As Robert Rauschenberg’s retrospective opened to rave reviews at Tate Modern last week, a group of his transfer drawings, including two once owned by Andy Warhol, went on show at London’s Offer Waterman gallery. It is the first time this body of work, created between 1958 and 1969, has been exhibited together in the UK. A selection is also on show in the Tate Modern exhibition.
Rauschenberg created hundreds of transfer drawings, which drew on the mass media of post-war America and were often highly political in content. The civil rights movement, the presidential election of 1968, wars in Vietnam and Algeria and man landing on the moon are among the events covered in the series. A total of 26 drawings are on display at Offer Waterman, 12 of which are for sale priced between $450,000 and $975,000.
The rest have been loaned by important private collections in the US, including ten drawings from the Sonnabend Collection Foundation in New York, which was established by the family of Ileana Sonnabend.

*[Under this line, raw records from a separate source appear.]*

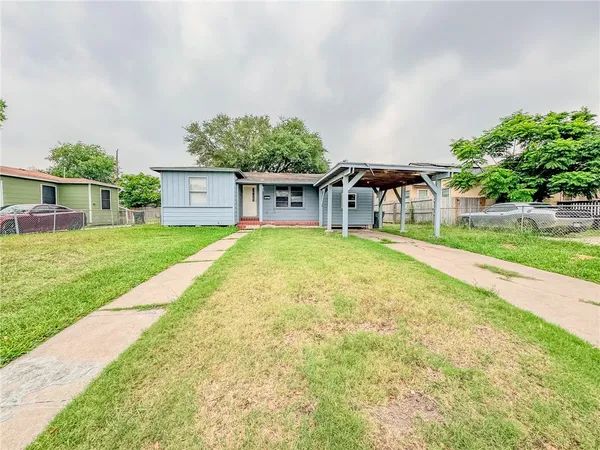 a front view of a house with yard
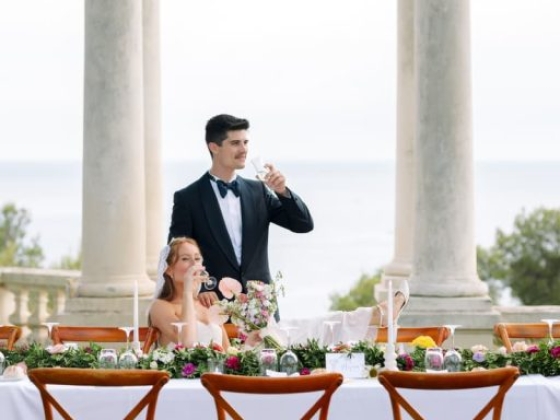 Couple celebrating with drinks at a decorated wedding table.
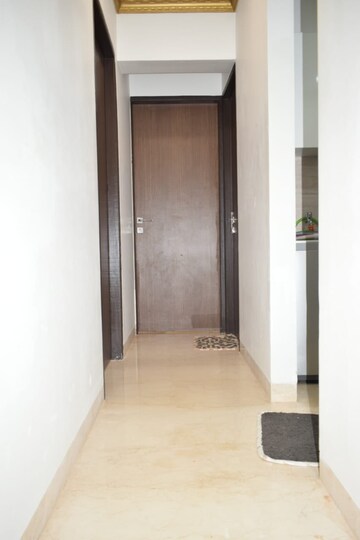 Building Lobby in 2 BHK Apartment at Omkar Meridia, Kurla West – for Rent
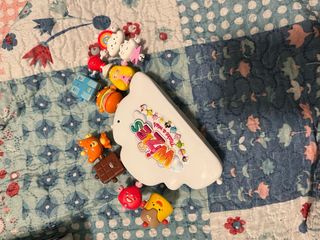 10 muñecos wizies + juguete de nuve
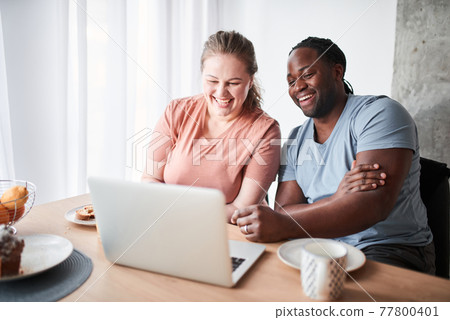 Couple feeling relieved and rested while having breakfast together Couple feeling relieved and rested while having breakfast together 77800401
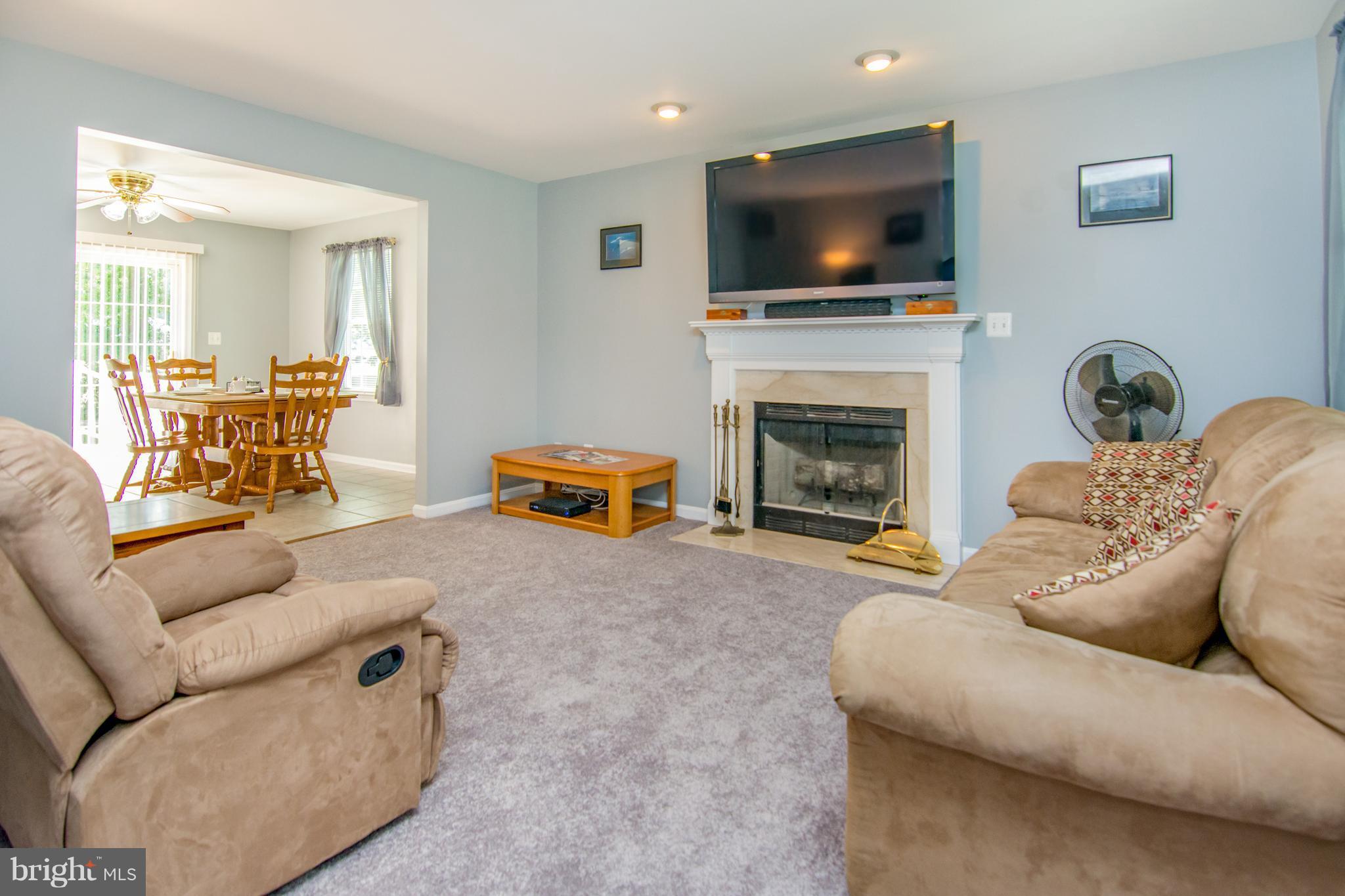 909 Back River Neck Road Baltimore, MD 21221 - Photo 8 of 21 a living room with furniture a flat screen tv and a fireplace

The pioneering art dealer regularly showed Rauschenberg’s work at her Paris gallery in the 1960s, organising the influential exhibition, Rauschenberg: 25 Dessins, in 1968.
Rauschenberg’s transfer drawings mark a particularly innovative period in the Texas-born artist’s career, which led him to incorporate silkscreened photographic images into his paintings in 1962. There has been much debate as to whether it was Rauschenberg or Andy Warhol who first introduced the technique; Warhol’s earliest attempts at silkscreen printing also date back to his 1962 dollar bill paintings.
“Everyone thinks it was Warhol who first introduced silkscreen printing, but it could have been Rauschenberg,” the dealer Offer Waterman says. “Like Warhol, Rauschenberg was at the frontier of new things, which is the story this exhibition tells.” Robert Rauschenberg: Transfer Drawings from the 1950s and 1960s runs until 13 January.